Copy the first line of the entries below and every line after it through the line containing "Dolina Noteci Premium". Do not include pictures.

= = = = =

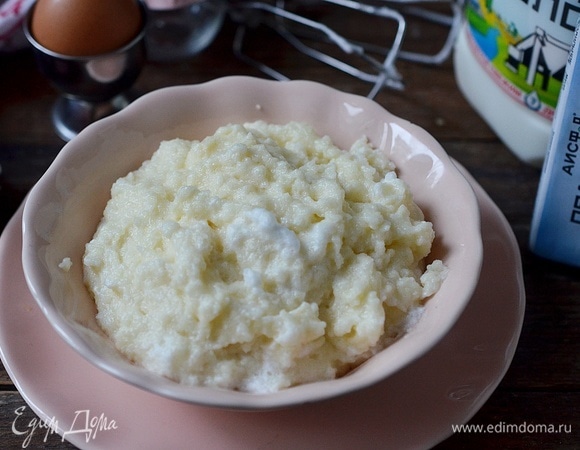 Каша очень вкусная и очень воздушная. Приятного аппетита!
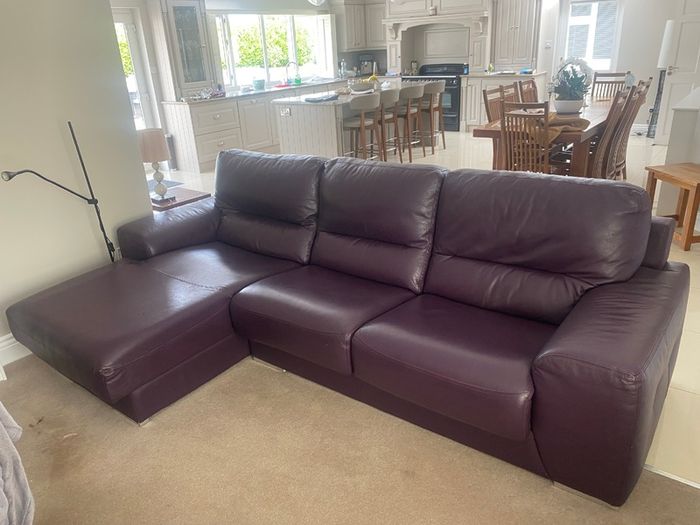 Leather Couch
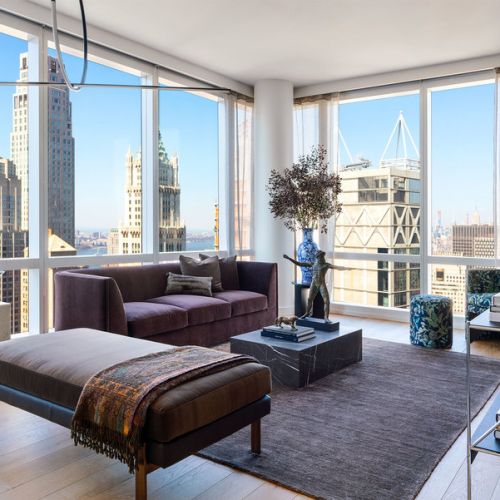 Penthouse Living Room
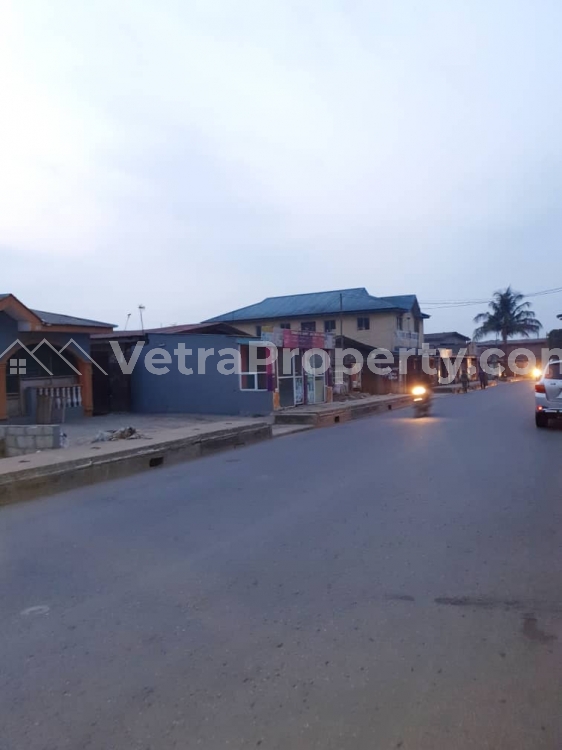  3 Units Of 2 Bedroom Flats And 1 Unit Of 1 Bedroom Flat  2 bedroom Detached Bungalow for Sale Ejigbo Lagos Vetra  Property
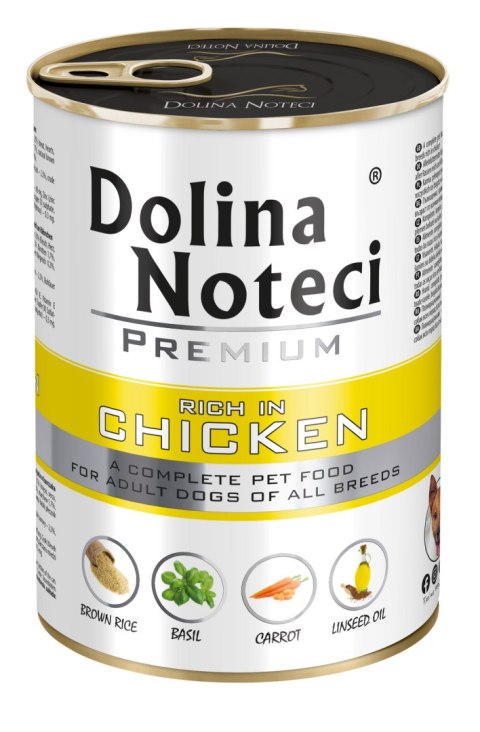 Dolina Noteci Premium Bogata W Kurczaka 400g Dolina Noteci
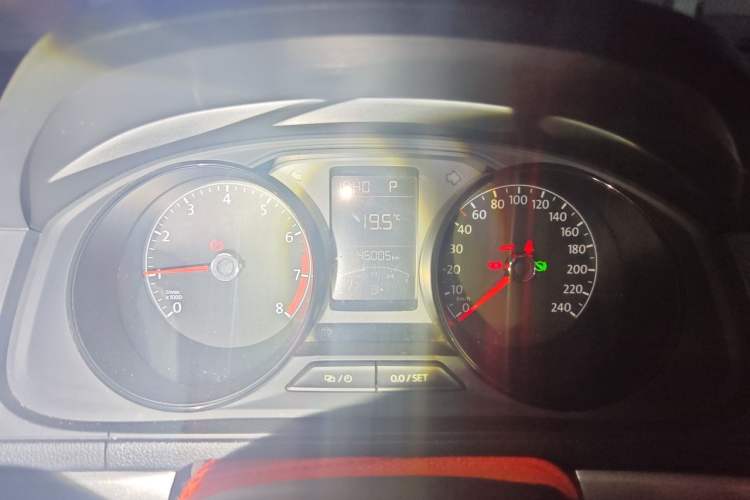 Used Volkswagen Lavida 2019 Lavida Start 1.5L Automatic Trendy Version China VI Standard Instrument Cluster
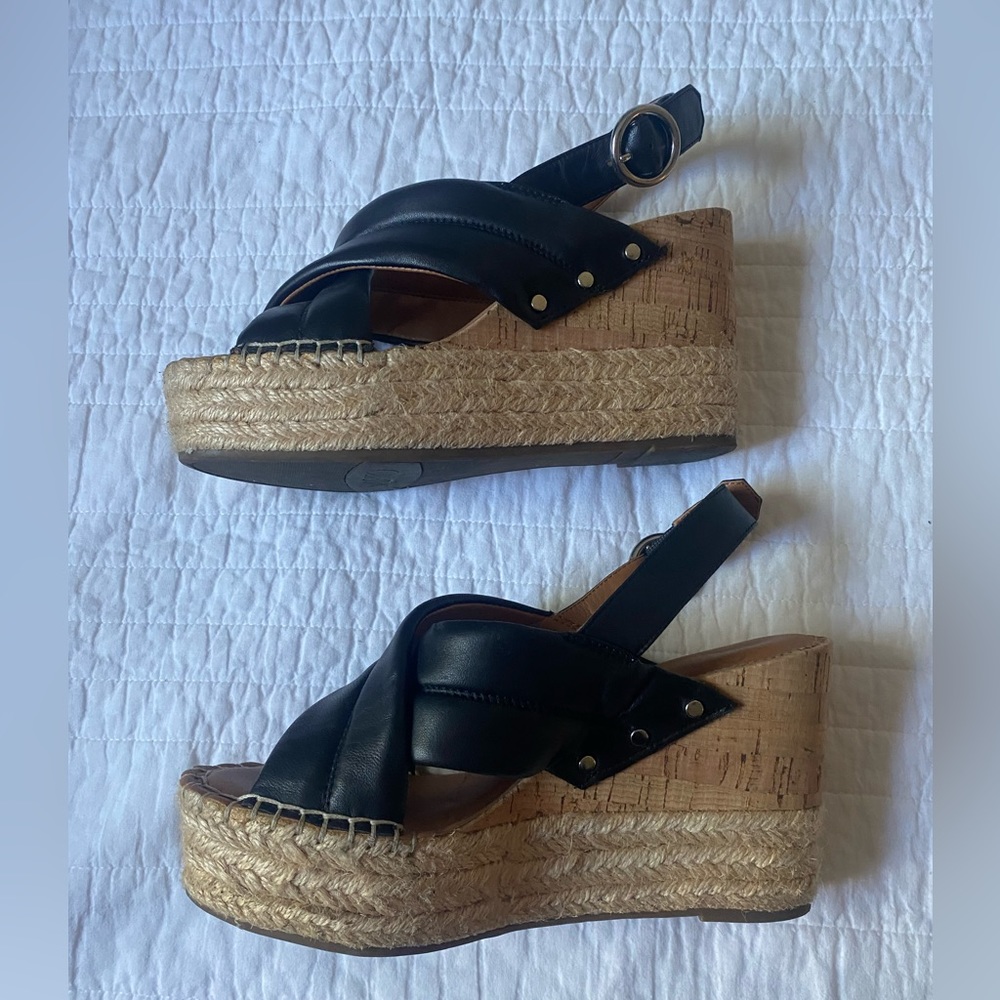 Franco Sarto Espadrilles, gently worn!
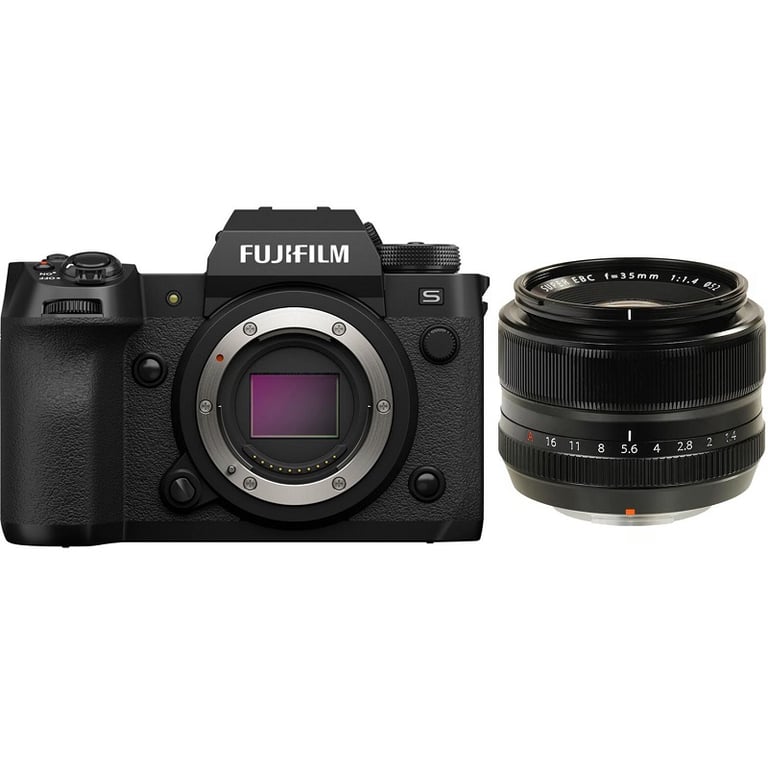 Fujifilm X-H2S Body + Fujifilm XF 35mm F1.4 R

= = = = =

- **Answer**
 Каша очень вкусная и очень воздушная. Приятного аппетита!
 Leather Couch
 Penthouse Living Room
  3 Units Of 2 Bedroom Flats And 1 Unit Of 1 Bedroom Flat  2 bedroom Detached Bungalow for Sale Ejigbo Lagos Vetra  Property
 Dolina Noteci Premium Bogata W Kurczaka 400g Dolina Noteci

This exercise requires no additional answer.